▶ _DATA IN THIS EXERCISE_
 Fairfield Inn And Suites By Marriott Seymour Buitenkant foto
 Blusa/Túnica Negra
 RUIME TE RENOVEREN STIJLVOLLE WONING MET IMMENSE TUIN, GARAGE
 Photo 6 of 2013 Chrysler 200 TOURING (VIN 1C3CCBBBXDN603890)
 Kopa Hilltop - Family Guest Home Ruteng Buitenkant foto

--

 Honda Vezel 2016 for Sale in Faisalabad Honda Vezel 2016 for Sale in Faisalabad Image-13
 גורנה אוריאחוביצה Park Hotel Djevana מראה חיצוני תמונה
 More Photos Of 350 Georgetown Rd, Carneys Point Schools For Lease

* * *

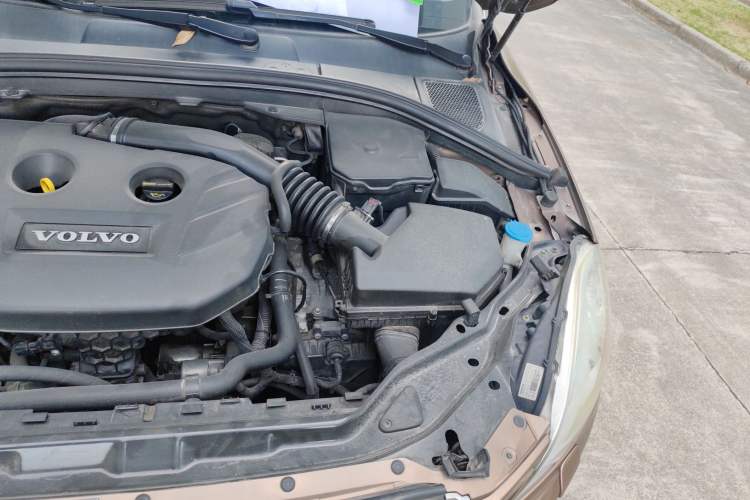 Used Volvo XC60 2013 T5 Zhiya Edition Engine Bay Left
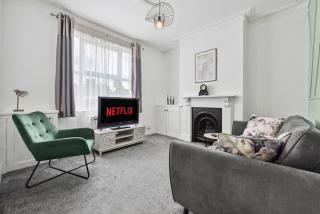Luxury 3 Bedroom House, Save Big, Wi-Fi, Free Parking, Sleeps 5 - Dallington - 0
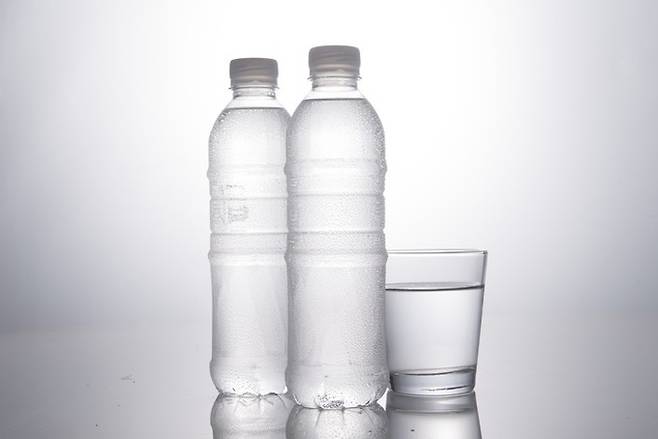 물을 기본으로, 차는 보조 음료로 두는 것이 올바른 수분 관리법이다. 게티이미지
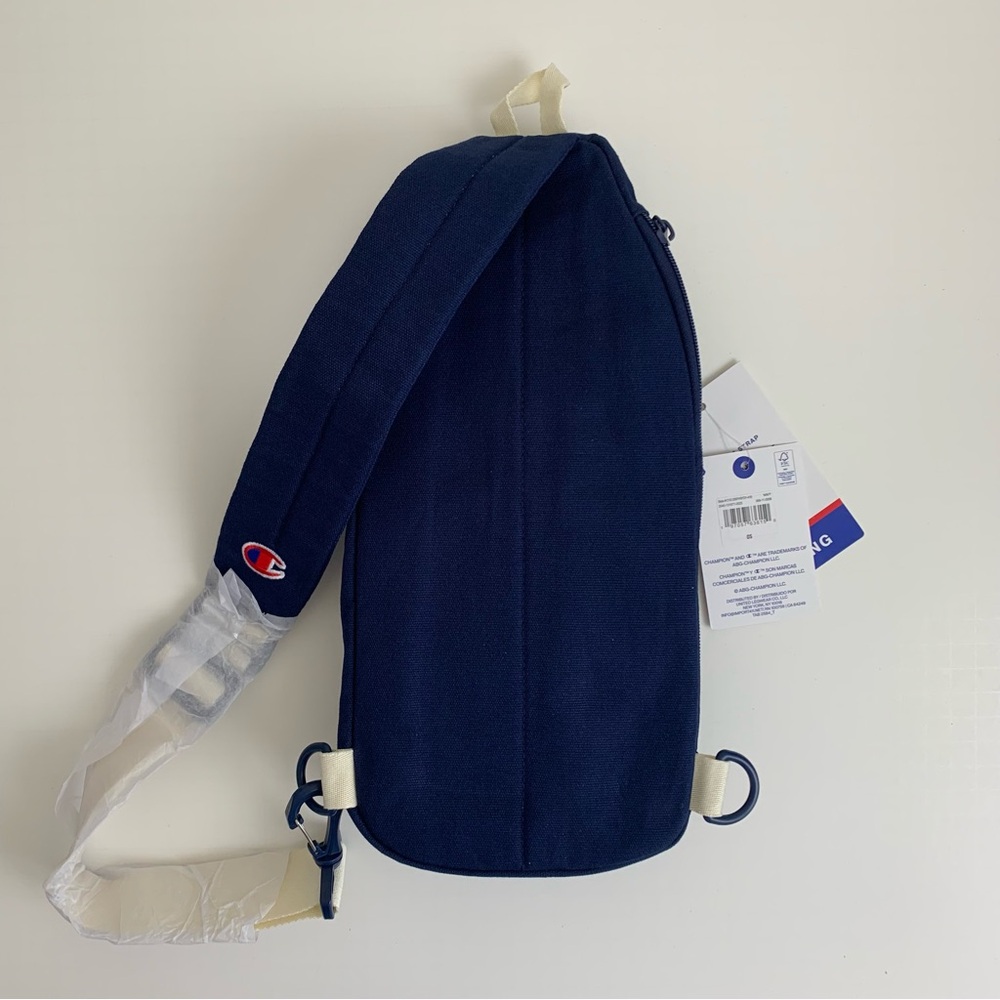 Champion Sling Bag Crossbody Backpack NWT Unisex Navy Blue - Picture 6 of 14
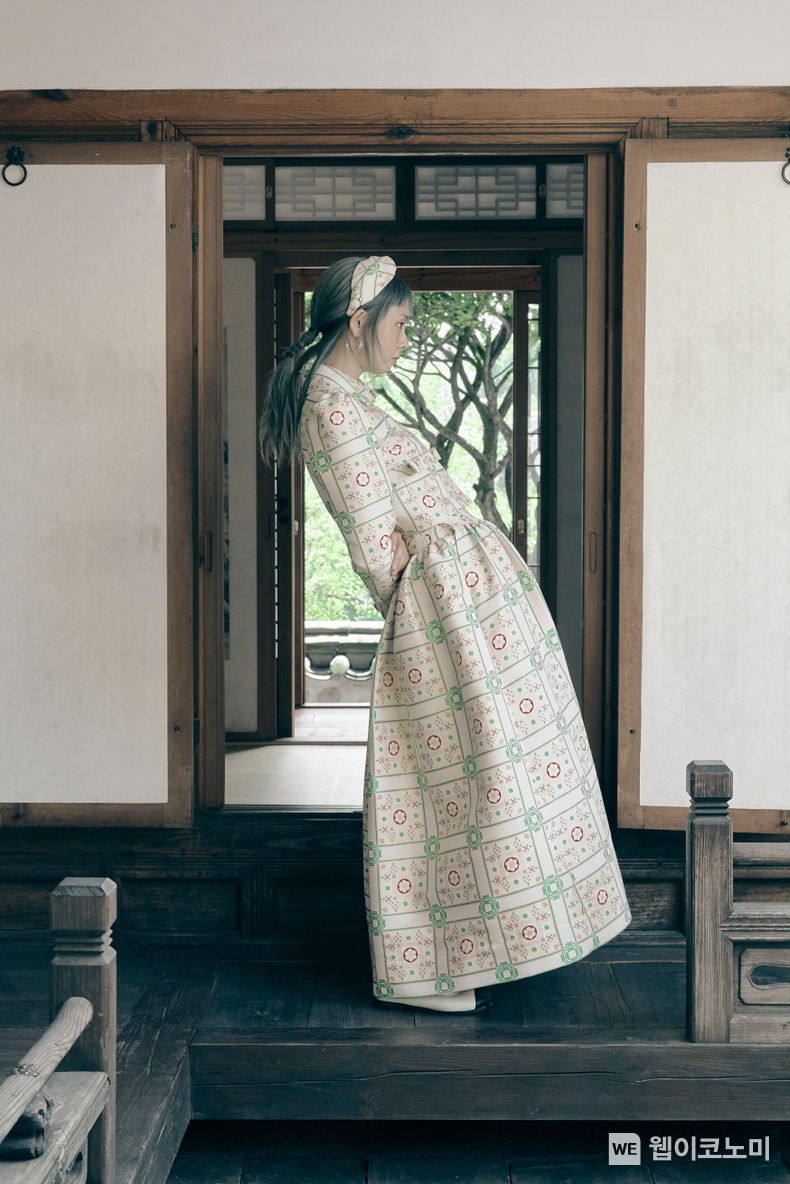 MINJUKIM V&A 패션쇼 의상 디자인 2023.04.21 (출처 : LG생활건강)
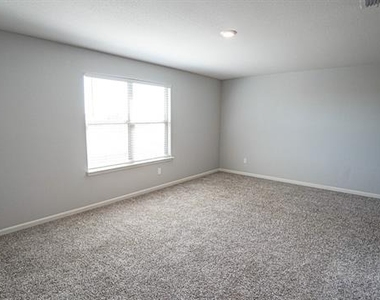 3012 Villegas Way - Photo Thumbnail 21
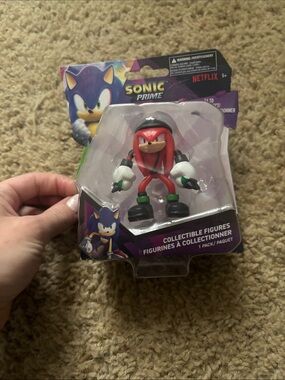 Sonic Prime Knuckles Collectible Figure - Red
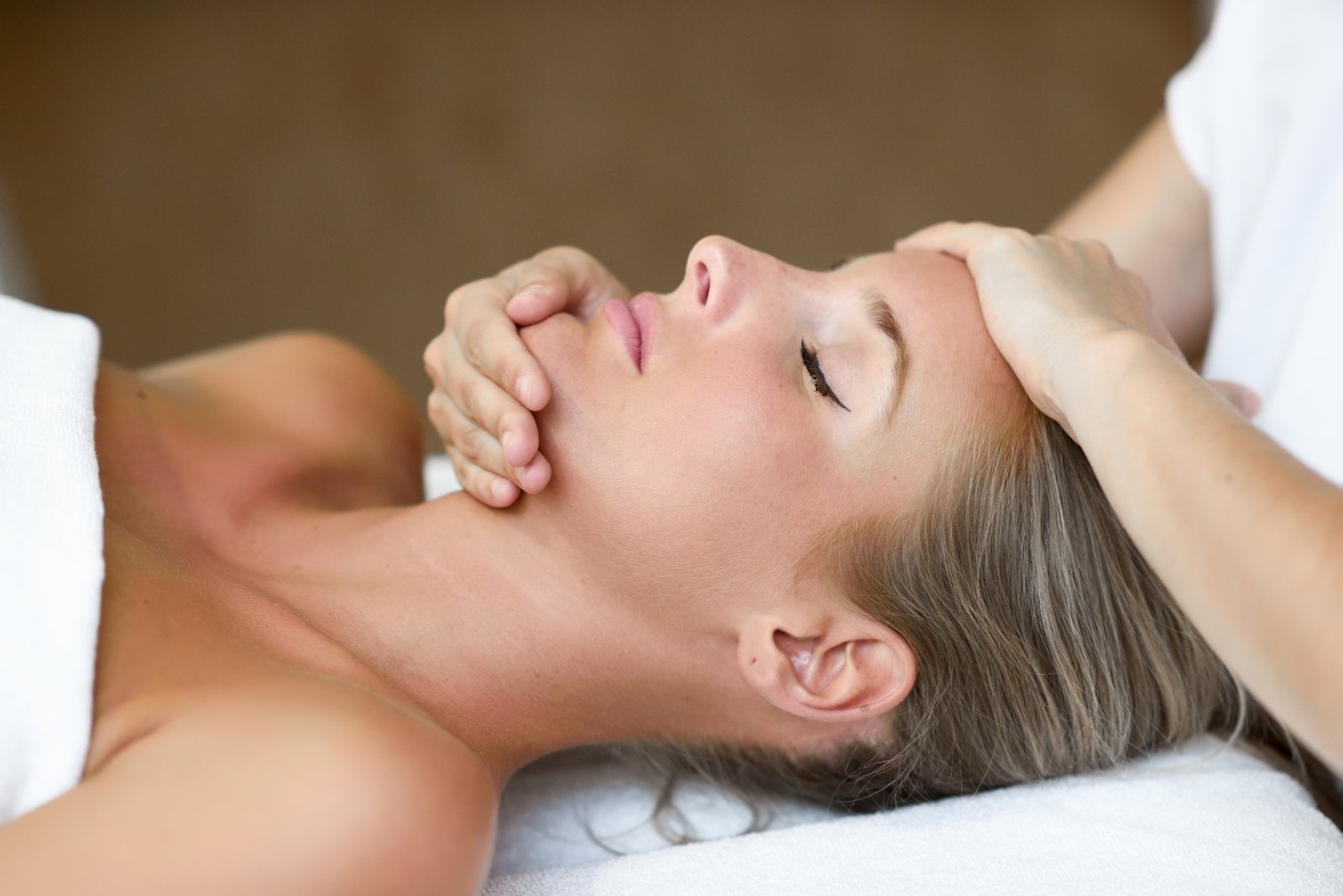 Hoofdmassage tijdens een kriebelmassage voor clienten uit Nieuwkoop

▶ _PROBLEM TO SOLVE_
One stretch of the lines above is wanted, from the line that contains "Blusa/Túnica Negra" through the line that contains "Kopa Hilltop - Family". Output it exactly.

▶ _EXERCISE SOLUTION_
 Blusa/Túnica Negra
 RUIME TE RENOVEREN STIJLVOLLE WONING MET IMMENSE TUIN, GARAGE
 Photo 6 of 2013 Chrysler 200 TOURING (VIN 1C3CCBBBXDN603890)
 Kopa Hilltop - Family Guest Home Ruteng Buitenkant foto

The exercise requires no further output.